> **WHAT IS REQUIRED**: Apart from the pictures, every entry should be reproduced exactly.

> **DATA FOR THE TASK**:
>>>

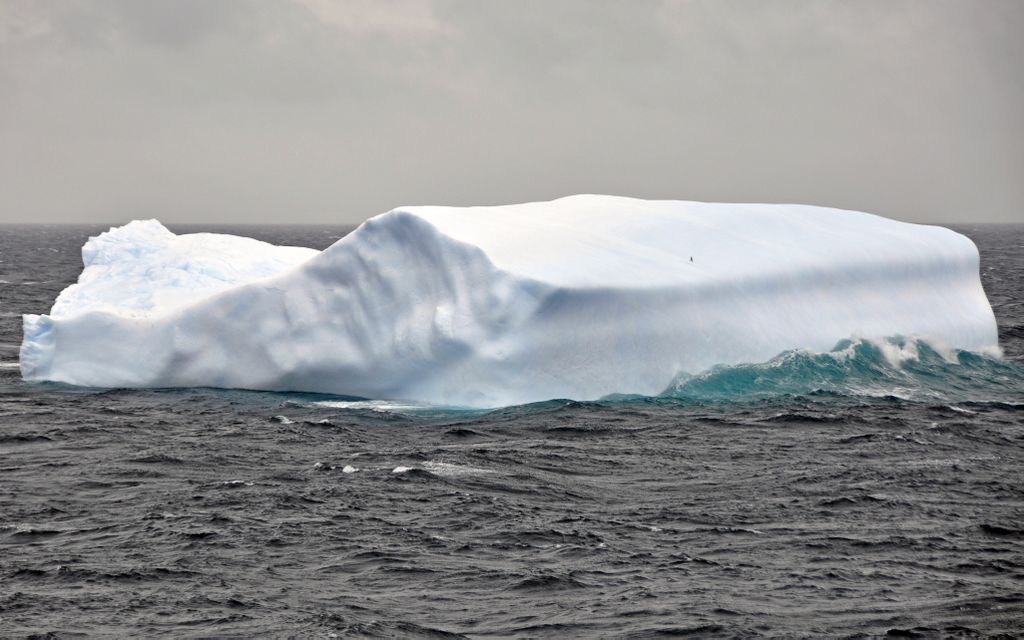 Mit der MS Delphin nach Falkland und in die Antarktis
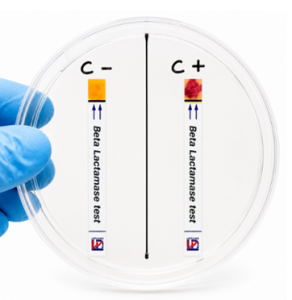 Beta Lactamase test
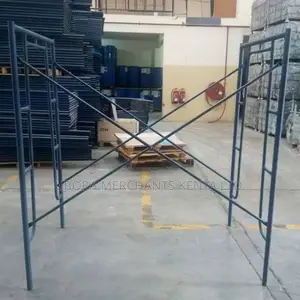 Standard Scaffolding Ladders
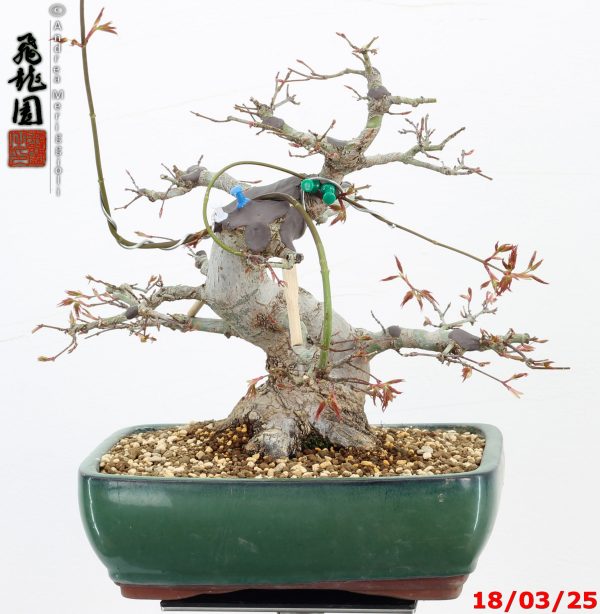 Acer palmatum - immagine 6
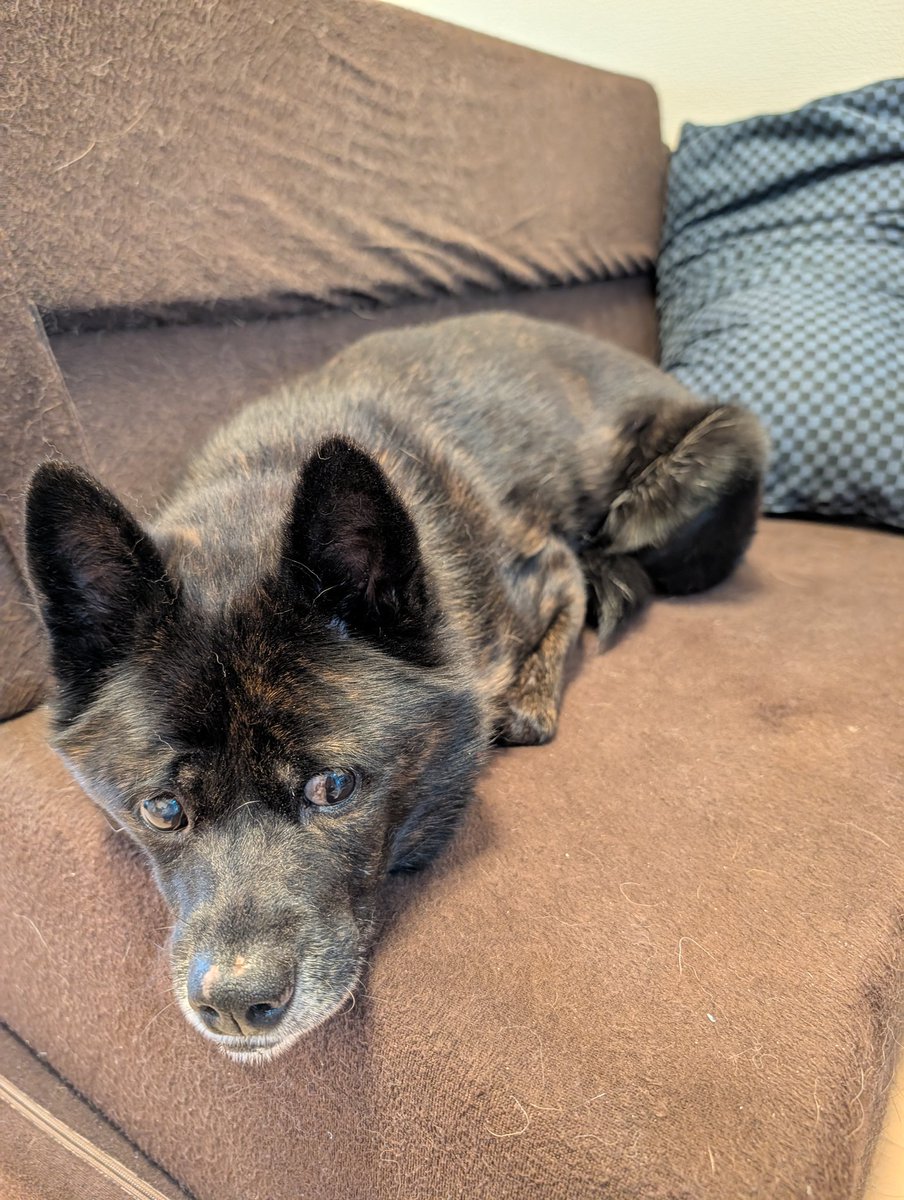 香箱座りっぽいｲｯﾇ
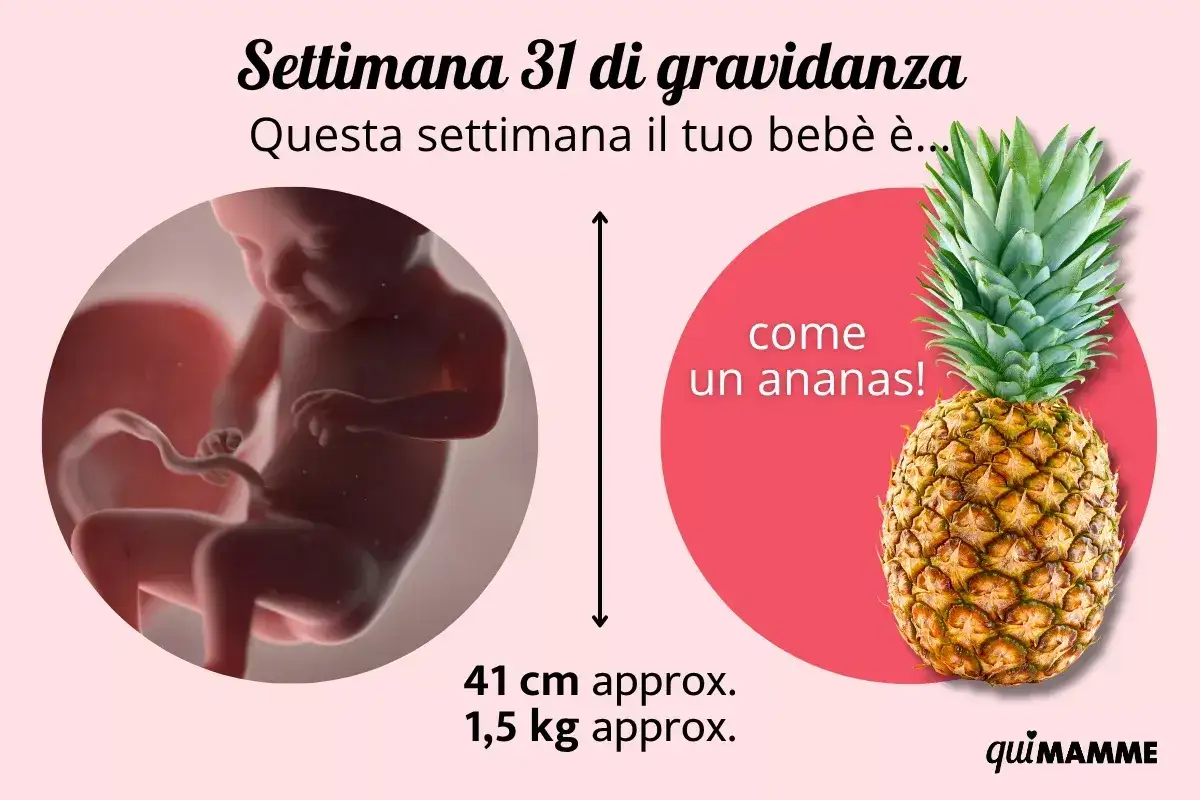A 31 settimane di gravidanza, il tuo bimbo è grande come un ananas! Pesa circa 1,5 kg.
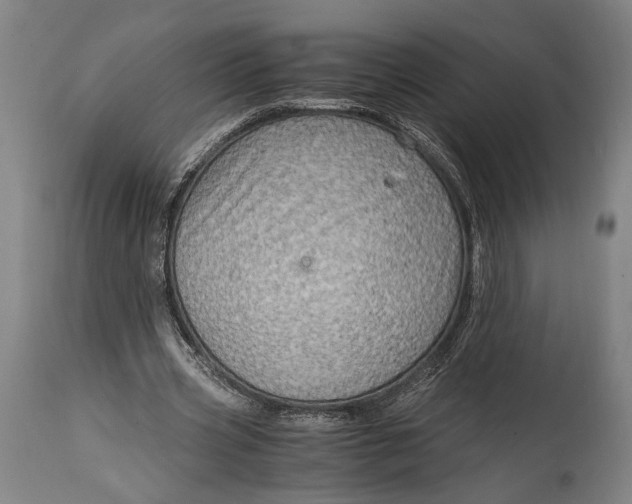 X0000114600533200911161356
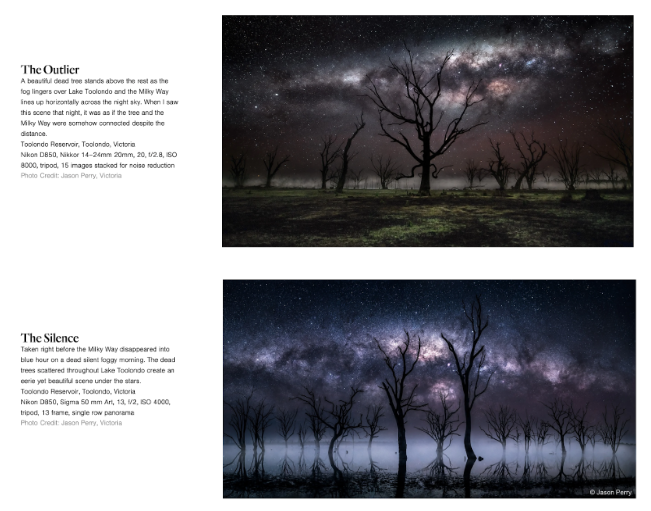Nighttime landscape featuring barren trees and a starry sky, capturing stunning cosmic views over the Toorongo Reservoir in Victoria.
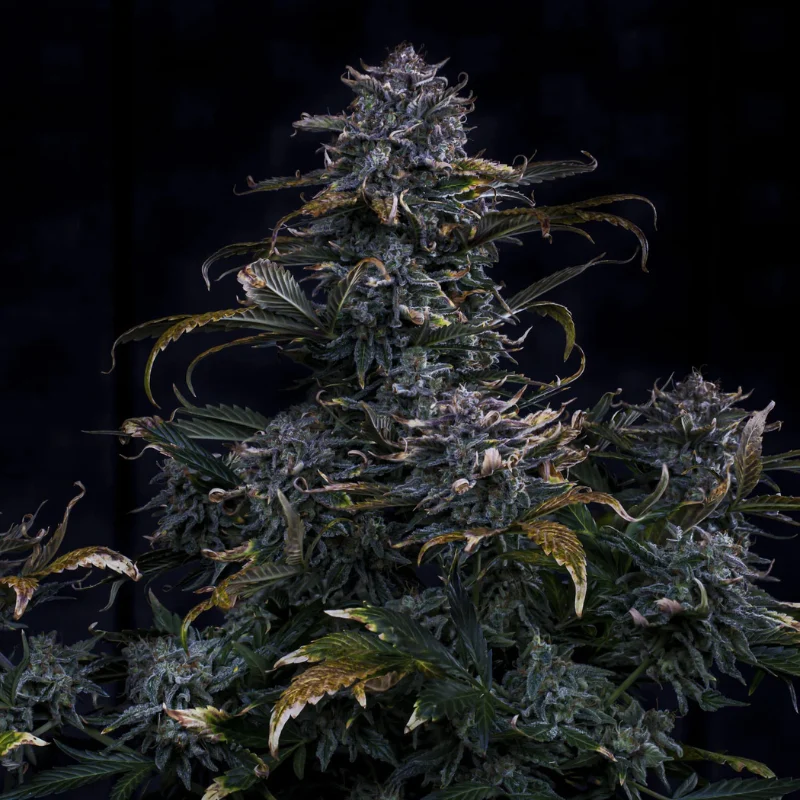 MEPHISTO-GENETICS-4-ASSED-MONKEY-AUTO-FEM_plant.webp MEPHISTO GENETICS - 4 ASSED MONKEY AUTO FEM | 3+2 SEMI - immagine 1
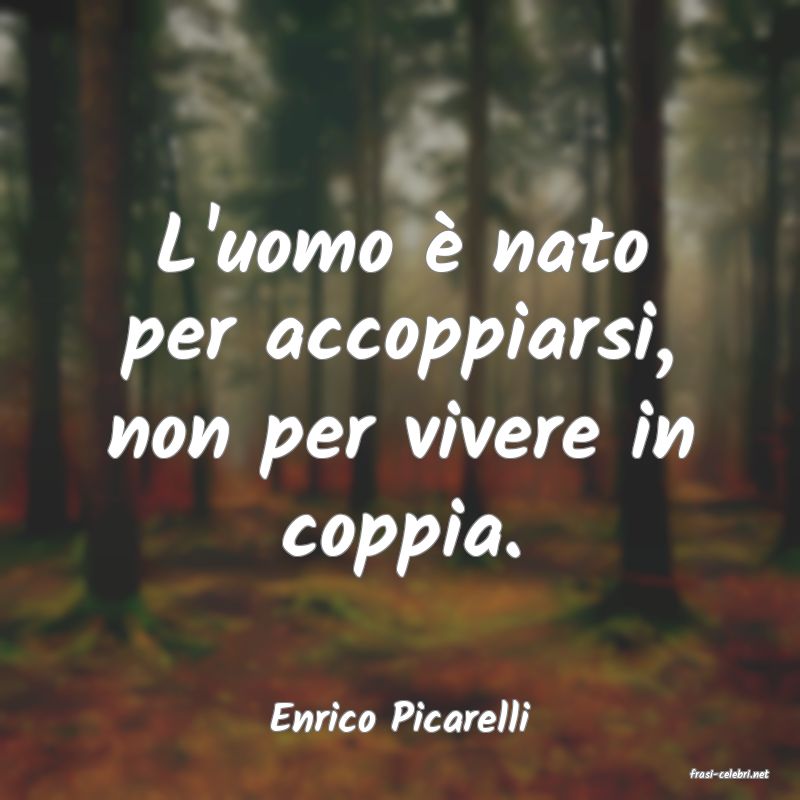 frasi di Enrico Picarelli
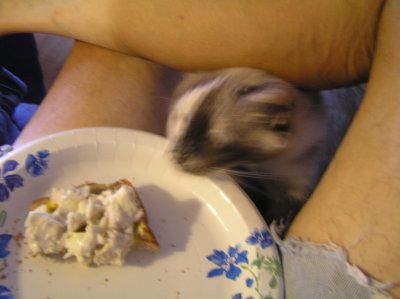 ChixSalad copy.jpg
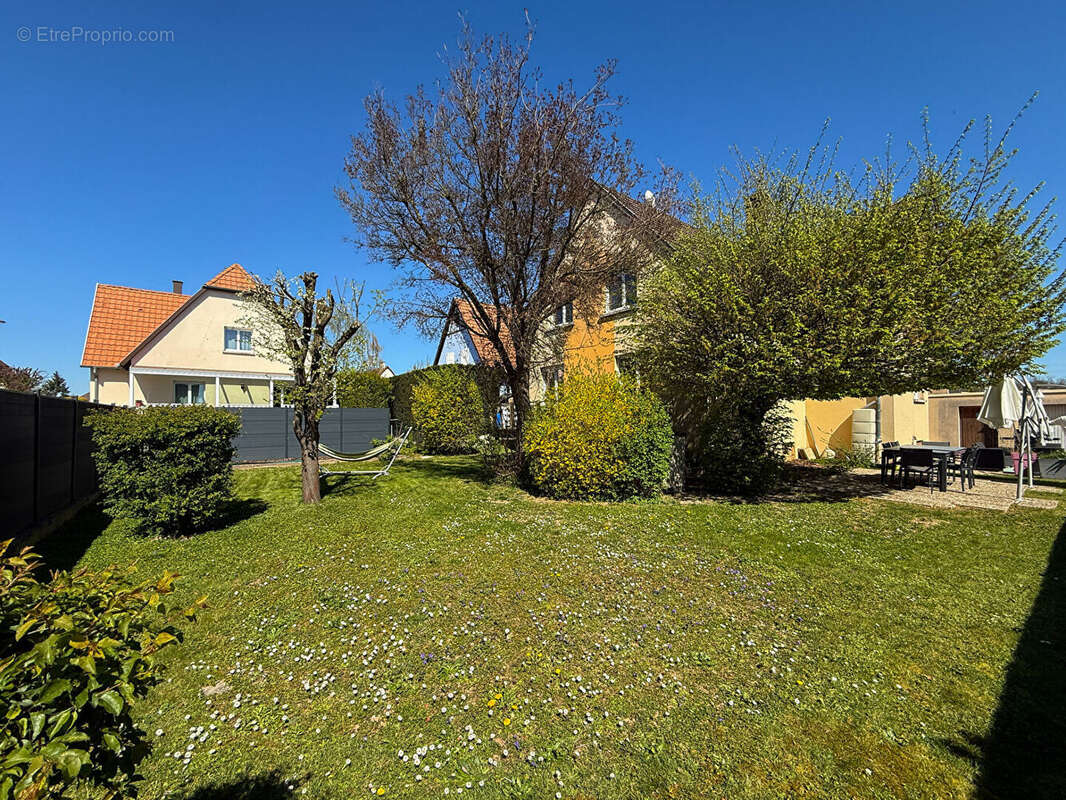 Maison à OBERSCHAEFFOLSHEIM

<<<

> **EXERCISE SOLUTION**:
 Mit der MS Delphin nach Falkland und in die Antarktis
 Beta Lactamase test
 Standard Scaffolding Ladders
 Acer palmatum - immagine 6
 香箱座りっぽいｲｯﾇ
A 31 settimane di gravidanza, il tuo bimbo è grande come un ananas! Pesa circa 1,5 kg.
 X0000114600533200911161356
Nighttime landscape featuring barren trees and a starry sky, capturing stunning cosmic views over the Toorongo Reservoir in Victoria.
 MEPHISTO-GENETICS-4-ASSED-MONKEY-AUTO-FEM_plant.webp MEPHISTO GENETICS - 4 ASSED MONKEY AUTO FEM | 3+2 SEMI - immagine 1
 frasi di Enrico Picarelli
 ChixSalad copy.jpg
 Maison à OBERSCHAEFFOLSHEIM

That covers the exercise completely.